Statistically speaking, the Service Class is the largest class today with about 60 million workers, or 47 percent of the US workforce. The Working Class is made up of about 26 million members, or roughly 21 percent of the workforce. The Creative Class makes up the remaining third of the workforce, with more than 41 million Americans. By comparison, the breakdown of classes fifty years ago was 16% Creative, 38% Service, and 46% Working. While declines in manufacturing and production are obvious and well-documented, the relationship between increases in the Service Class and the Creative Class is more nuanced.

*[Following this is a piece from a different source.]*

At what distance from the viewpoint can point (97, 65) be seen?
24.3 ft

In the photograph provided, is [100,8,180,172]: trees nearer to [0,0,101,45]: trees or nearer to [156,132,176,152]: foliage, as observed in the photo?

Florida notes that the “growth of this Service Class is in large measure a response to the demands of the Creative Economy,” and that the Creative Class—through specialization and division of labor—has outsourced some of its functions to the Service Class. Florida also notes, however, that the Service Class has the potential for high upward mobility because of their penchant for entrepreneurism. So, while many communities face the challenge of a widening gap between the haves and the have-nots, along with the hollowing out of the Working Class in spite of tremendous efforts to bring back manufacturing, Florida sees “growth in creative content” across a wide spectrum of jobs.
What this means for the economic viability of Marble Falls, and many other communities across the country, is that we need to find a way to make Service Class jobs good jobs, in part by harnessing the creative capacity of all people. The amenities that we appreciate and hope to share with others are clearly not as appealing without good people in service positions. We need hospitable people who can think critically and creatively about problems and how to solve them. We need service providers who care about their jobs, and we need everyone to treat service interactions as important interactions. Gradual yet measurable increases in Service Class wages—especially considering that these workers make up such a large (and growing) percentage of the workforce—could mean a stabilization of our economy.
Manufacturing jobs were not good jobs until after World War II, when the US made a concerted effort to put people to work in productive industries. A similar effort (this time, with the benefit of some hindsight) should be made to increase the value of the service industry; after all, it is the only class that has increased in number and percentage of the workforce in every decade since the 19th century.
A final connection I want to make between Florida’s thoughts and what’s happening in Marble Falls has to do with what he sees as the establishment of the Creative Economy in the 1960s. Florida writes: “Bohemian values met the Protestant work ethic head-on, and the two more than survived the collision. They morphed into a new work ethic—the creative ethos—steeped in the cultivation of creativity.”
I think that all of us in Marble Falls can relate to an environment where traditional, small-town values collide with a progressive urbanism that seeks to capitalize on our community’s assets. Our success in economic development is dependent upon our ability to facilitate growth that enhances our community’s character and charm without being limited to only doing things the way they’ve always been done.